Despite the current stagnation in productivity gains, there is hope that this trend may reverse. The IT boom of the 1970s and 1980s eventually led to a surge in productivity in the 1990s and early 2000s. Some economists, including Erik Brynjolfsson, have noted signs of a potential productivity surge, citing a 3.7% increase in GDP and a 2.7% jump in productivity attributed to AI investments.

Moreover, a study by the Stanford Institute for Economic Policy Research found that generative AI could significantly enhance the efficiency of online tasks, although the time saved was often spent on leisure activities rather than skill development.

The Future of AI and Productivity

As we look ahead, the trajectory of AI’s impact on productivity remains uncertain. Economists like Torsten Slok suggest that AI’s productivity gains may follow a “J-curve” pattern, initially resulting in a slowdown before experiencing exponential growth. However, this will depend on how effectively companies leverage AI to create value.

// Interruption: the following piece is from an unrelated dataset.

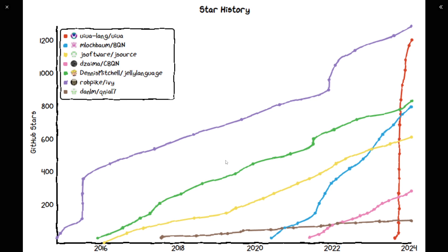And then the last two are J, which is the yellow line. Note that J was not created in 2016. It was created in 1990, but I think it was probably added to GitHub roughly eight years ago now. And last but not least, the brown line is the Nial language, which is a keyword version of an array language inspired by APL.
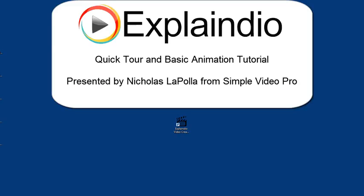Hi, this is Nick LaPolla with Simple Video Pro, and I'm here to show you the basics of how to use the Explaindio Video Creator. The installation guide shows how to install Explaindio, so I'll take it from there.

Unlike the IT boom of the past, today’s AI tools are widely accessible due to intense competition among developers, which may influence the future landscape of productivity gains.

Conclusion

The current state of AI in the workplace raises important questions about its actual impact on productivity and employment. While many executives remain optimistic about the potential benefits of AI, the evidence suggests that we may be experiencing a modern-day productivity paradox reminiscent of the IT era. As companies navigate this complex landscape, it remains to be seen whether AI will ultimately deliver on its promises or if it will continue to fall short of expectations.

Note: The information presented in this article is based on data and studies available as of October 2023 and may be subject to change as new research emerges.